The amount of contact and/or space between neighboring cells is influenced by the shape and packing of cells (Harker et al., 1997). Batisse et al. (1996) observed that crisp-textured sweet cherries had more large intercellular spaces than those with soft texture. The degree to which adjacent cells separate during chewing also has an effect on its perceived texture. In the process of chewing, force is applied to the fruit tissue until it fractures, which can occur by cell separation—as is the case with soft fruit such as banana (Musa sp.)—or by individual cell rupture in crisp fruit such as apple and watermelon (Citrullus lanatus) (Harker et al., 1997). Cell wall strength and cell-to-cell adhesion also contribute to whether cells separate or rupture (Harker et al., 1997).

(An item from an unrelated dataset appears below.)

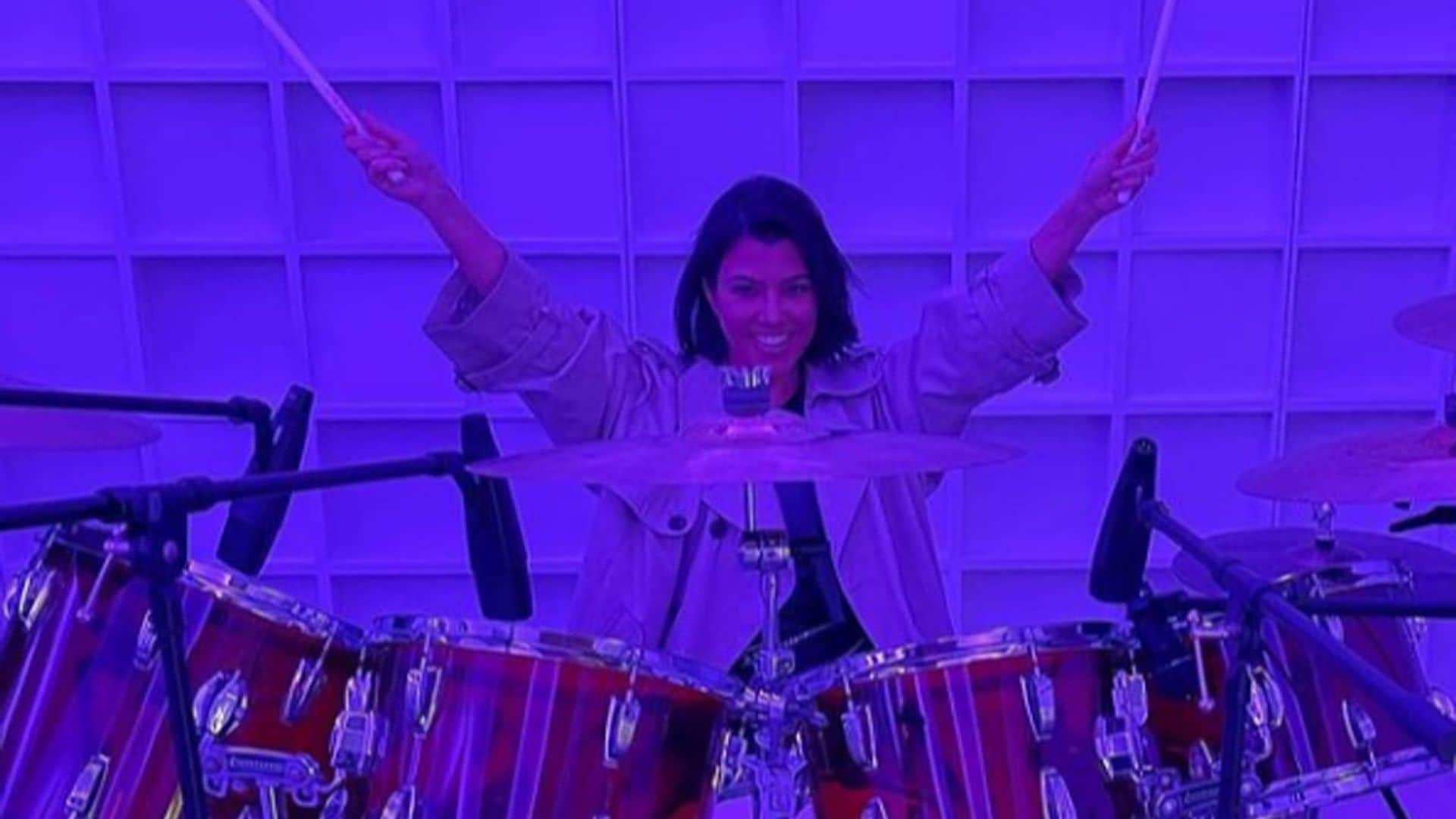 Kourtney Kardashian looks great playing the drums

Blueberry fruit develop from an inferior ovary. The epidermis originates from the floral calyx, and the epidermis and hypodermal layers contain pigmentation from anthocyanins and form the epicarp, commonly referred to as the peel or skin (Gough, 1994). The endocarp is composed of five carpels with 10 locules and five highly lignified placentae to which ≈50 seeds are attached (Gough, 1994). The mesocarp is located between these layers and contains mostly parenchyma cells along with rings of vascular bundles and occasional sclerified stone cells that can be found ≈460 to 920 μm below the epidermis (Gough, 1983). These lignified cells with thick secondary cell walls can occur singly, doubly, or in clusters, and they bind neighboring parenchyma cells, which serve to strengthen their surrounding flesh tissue and may contribute to fruit firmness (Allan-Wojtas et al., 2001; Fava et al., 2006; Gough, 1983). Increased firmness just beneath the epidermal layer where initial rupture of the berry takes place could contribute to the crisp texture observed in some blueberry cultivars. Results of a trained sensory panel that evaluated the texture of several SHB genotypes ranging from soft to crisp also suggested that the crisp texture may be related to the blueberry peel or skin (Blaker et al., 2014). Genotypes receiving high sensory scores for crisp texture by the panel were often also rated for having a high level of skin toughness. Together these findings suggest that crisp texture is likely associated with differences in or near the epidermal layer of the berry. The objective of this study was to perform a histological analysis of cell type, area, and structure of the outermost cell layers of standard and crisp-textured fruit from nine SHB genotypes.